The tremendous Eric Purcell, playing the doctor, summons (with tongue securely in cheek) the affected, self-important tone of any given doctor from a 1970s soap opera. It's refreshingly kooky. He has some of the most surreal lines of the play, and gives each one an unnervingly funny gravitas.
Kane has staged the production as a radio play, but gleefully and effectively abandons strict rules for such a staging. The actors directly address each other from behind four reading stands. Sometimes they mime their actions; sometimes they physically interact. In lesser hands these moments could have muddied the atmosphere of a radio play; instead they adorn it. Michael Douglas narrates beautifully; his mellifluous reading enhances the interplay of the characters and never distracts.
Performances are stylized in the vein of a Charles Ludlum send-up of a classic B-movie. Lorraine Serabian playing the mother and Minna Taylor playing Marylin (Paul's girlfriend) commit to the camp with heart and soul and a wink. Taylor is an exciting actor to behold. She delivers Kane's smart, offbeat language with precision and fervor. And as she makes us laugh she simultaneously conveys her sincere romance with Paul.
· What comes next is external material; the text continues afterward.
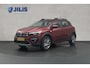 Dacia Sandero Stepway 1.0 TCe 90 Comfort | Trekhaak | Camera | LED | Apple Carplay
Serabian creates a fabulous car-wreck of a mother, and though she's given some jokes that don't land, you can't take your eyes off her. When she dares to take off her beloved heels in a show of camaraderie with her barefoot son, she devolves into a savage humanoid, snarling and grunting. It's one of the many charmingly demented moments that serve as a biting critique of the small ways we are unconsciously restrained.
John Wernke as Paul plays his part generously, allowing us to be with him in the midst of his crisis of identity. Kane smartly pulls him back from the camp. He is the anchor for the audience, allowing us the space between the laughter to absorb the philosophical notions at the heart of the story.
When the play ended, and I left the theatre with my companion, I was surprised by the discussion we were having. After all the laughter the play brought us, we weren't talking about the humor. Instead we were debating the notion of freedom, whether it is simply a hard-wired emotion akin to happiness, or if it is a rational state of mind that comes by choice. Not since last year's Broadway production of Exit the King have I laughed throughout a play, and then found myself engaged in heated dialectic. I think that is the strongest compliment I can give to Kane's work. And it well deserves it.